L’enseignement en ligne comme compromis
«Il n’y avait pas un refus massif de paiement de la troisième tranche pour la simple raison qu’on a assuré convenablement l’enseignement en ligne pour tous les niveaux, du primaire au baccalauréat en utilisant une application fiable permettant un suivi strict des élèves », avance-t-il. Et de poursuivre : « Les parents satisfaits de la qualité de l’enseignement dispensé n’ont pas contesté dans leur majorité le paiement de la troisième tranche ». Mourad Ghalleb explique que le respect des termes du contrat pédagogique et financier avec les parents lui a permis de dépasser la crise. A ses dires, il n’a licencié aucun des 600 employés de ses établissements.
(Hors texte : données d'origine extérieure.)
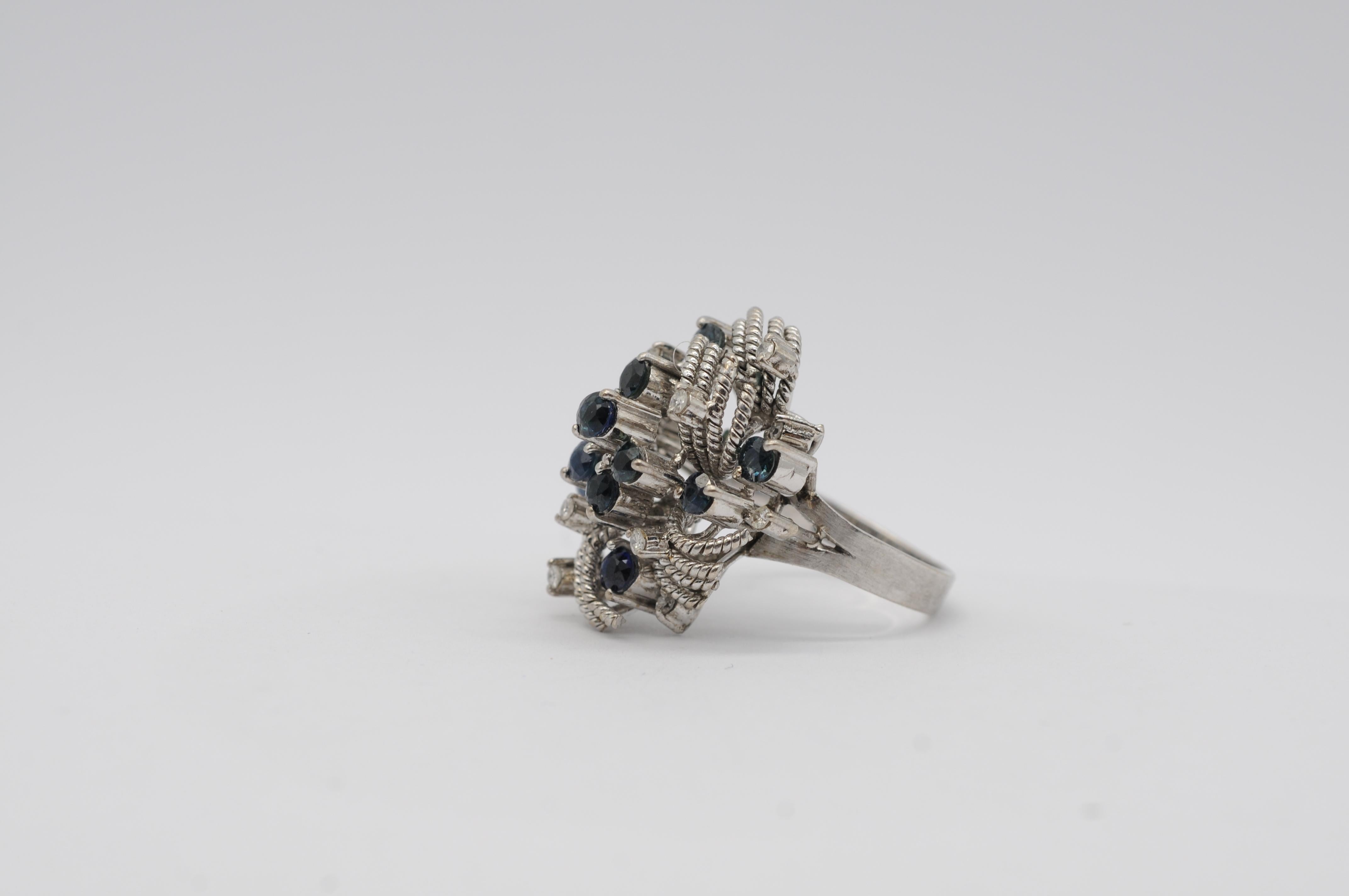 18 Karat Weißgold Cluster-Ring mit Saphiren im Brillantschliff und Diamanten im Angebot 7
Pour le directeur de l’établissement Al Andalous (Sfax), Hatem Kaabi, « il y a quelques chamboulements dans le paiement de la troisième tranche. Certains parents l’ont fait, d’autres pas totalement », regrette-t-il, en assurant qu’aucune pression n’a été exercée sur les parents à ce sujet. Dispensant un enseignement de la 7ème année au baccalauréat, l’établissement a aussi recouru à une application pour assurer la continuité des cours mais seulement pour les élèves de la 9ème année et du baccalauréat. « Une minorité d’élèves n’a pas suivi ces cours faute d’avoir une connexion internet », souligne-t-il. Des cours de rattrapage sont prévus pour les autres niveaux en septembre prochain.
La situation des établissements dépend de leur capacité à assurer les cours en ligne. « Certains établissements ont déjà investi dans l’enseignement en ligne et ont eu les moyens de continuer les cours. Par conséquent, le degré de la crise diffère d’un établissement à un autre et en fonction de la coopération des parents », déplore Latifa Boughattas. Selon la présidente de la Chambre nationale de l’enseignement privé, les demandes de paiement contestées sur les réseaux sociaux concernent les mois précédant le confinement, c’est-à-dire janvier, février et mars.« Dès le début de confinement, on a fait face au refus des parents de payer leurs anciennes dettes et par ricochet celles d’avril, mai et juin avec l’intention de ne jamais payer », regrette-t-elle.
L’Etat menace mais ne régule pas
La représentante de la Chambre nationale de l’enseignement privé évoque la situation précaire des 50 milles employés des établissements privés : « Rares sont ceux qui ont pu bénéficier de l’allocation de chômage technique », avance-t-elle. Elle espère une concertation prochaine avec le ministère de l’Education pour une reprise des cours en juin «afin de sauver le désastre financier des mois précédents », dit-elle.
« Nous contribuons à prendre en charge une un nombre d’élèves en croissance continue. Nous faisons partie du système. Hélas, l’Etat nous a ignorés et n’a pas pris en compte le fait que nous reposons sur un système économique pour assurer notre mission pédagogique. Nous devons clore cette année scolaire en tenant les conseils de classe et en émettant les bulletins scolaires, mais avec quels moyens ?! », s’indigne-t-elle avant d’ajouter : « Si la polémique s’est tassée, c’est parce que nous avons arrêté de demander le paiement. On verra comment l’Etat compte remédier à cette crise».
Après avoir déclaré que les relations contractuelles financières entre institutions privées et parents d’élèves ne font pas partie des prérogatives du ministère, le ministre de l’Education s’est montré plus impliqué en assurant que l’Etat a joué son rôle de régulateur et s’est montré compréhensif de la fragilité du modèle économique de établissements privés. Il a également affirmé : « si le contrat financier liant les parents aux institutions privées devient un moyen de pression sur les élèves, des mesures coercitives sont prévues allant jusqu’à la suppression des autorisations».